A opção pela música tradicional chegou a atrair resistências contra o grupo?

Éramos muito solicitados, as viagens ao estrangeiro em representação de Angola eram constantes. Alguns convites vinham já direccionados, queriam a nossa presença. Isso despertou algumas resistências, até mesmo de funcionários do Ministério da Cultura. Um desses funcionários, que também era músico, chegou a dizer "weza mutala ó ikumbi” (do Kimbundu: "vieram só para ver o sol nascer”). Criei o grupo para preservação dos instrumentos dos nossos ancestrais e da nossa identidade na indumentária e nas mensagens. Cantamos sempre em Kimbundu. "Santa Maria” é a nossa única música em português.

Mestre Kituxi chegou a fazer parte dos Kiezos?

Nunca integrei Os Kiezos. Partilhávamos o mesmo palco e colaborávamos. Por exemplo "Rosa Rosé”, que Os Kiezos cantam, é minha música. Os Negoleiros do Ritmo cantaram "Panda” (Adultério) também minha. "Nguitabule” foi gravado pelos Merengues.

 
Qual foi a viagem mais memorável que fez a uma província de Angola?

A mais memorável foi a Benguela em 1984. Estávamos numa sala de espectáculos abarrotada e de repente a luz foi. Ficamos às escuras mas não parámos, continuámos a tocar. No dia seguinte saiu no jornal o título: "O som que venceu a escuridão”.

 
Está preocupado com a preservação dos instrumentos musicais tradicionais?

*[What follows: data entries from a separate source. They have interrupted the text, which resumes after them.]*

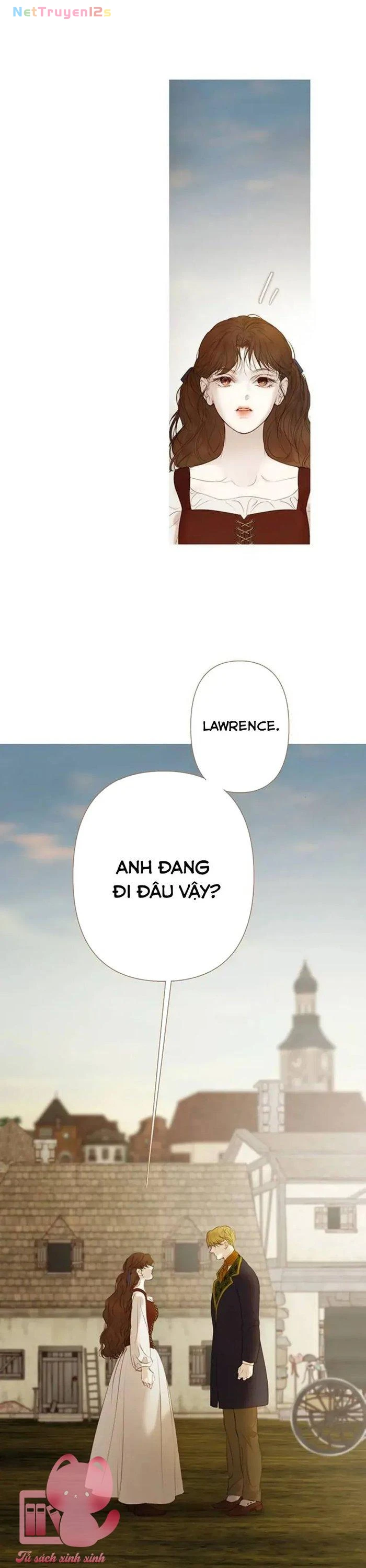 Dưới Tán Rừng Chanh Chapter 8 - Trang 45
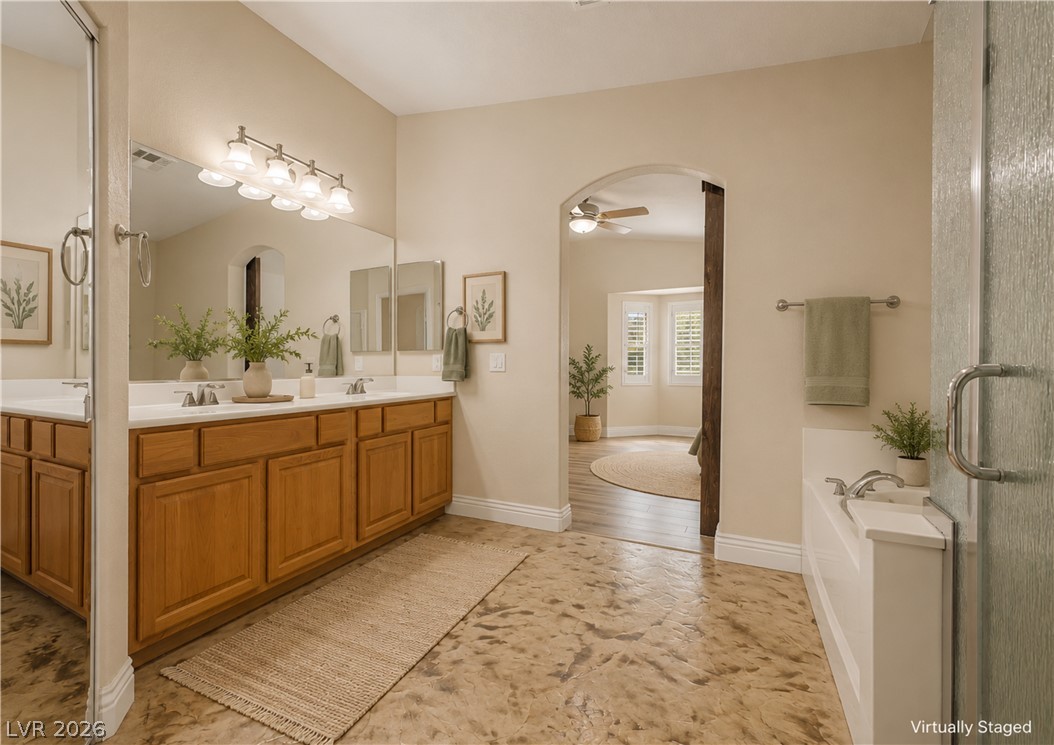 8317 Jeremiahs Lodge Avenue Property Photo 30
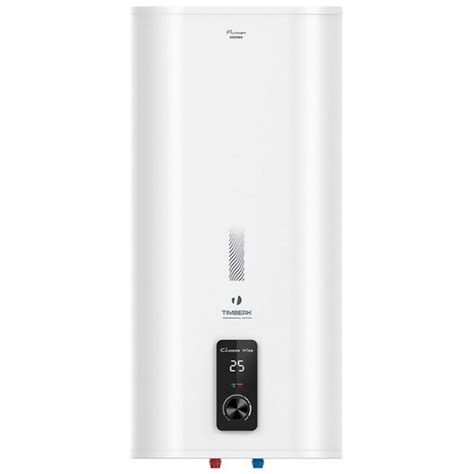 Водонагреватель накопительный Timberk SWH FSM9 50 V купить по доступной ...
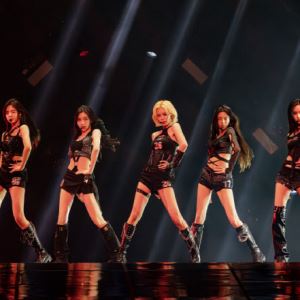 '데뷔 7주년' 있지, 잠실서 새 월드투어 포문 활짝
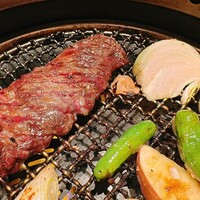 叙々苑 有楽町マリオン店 -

Tenho pedido ao meu sobrinho[Jorge Mulumba, um dos fundadores do grupo de música tradicional Nguami Maka, cantor, executante e divulgador de vários instrumentos tradicionais] para aprender a tocar a kakosha, esse instrumento que está em vias de extinção. Tem um som bonito, é originário de Calulo e da Kibala. Não é o único em vias de desaparecer, há também a tchumba, que é tocada actualmente pelo Paulo Kaita, da Huíla. Em 1983 o levei ao Brasil, quando fui para uma demonstração de como se toca o hungo. A dikanza, graças a iniciativas de Jorge Mulumba e outros, que fabricam, tocam e distribuem, está segura. Os grandes, exímios e viajados tocadores de marimba já morreram. Creio que a Acção Cultural tem de fazer alguma coisa para preservação desses instrumentos.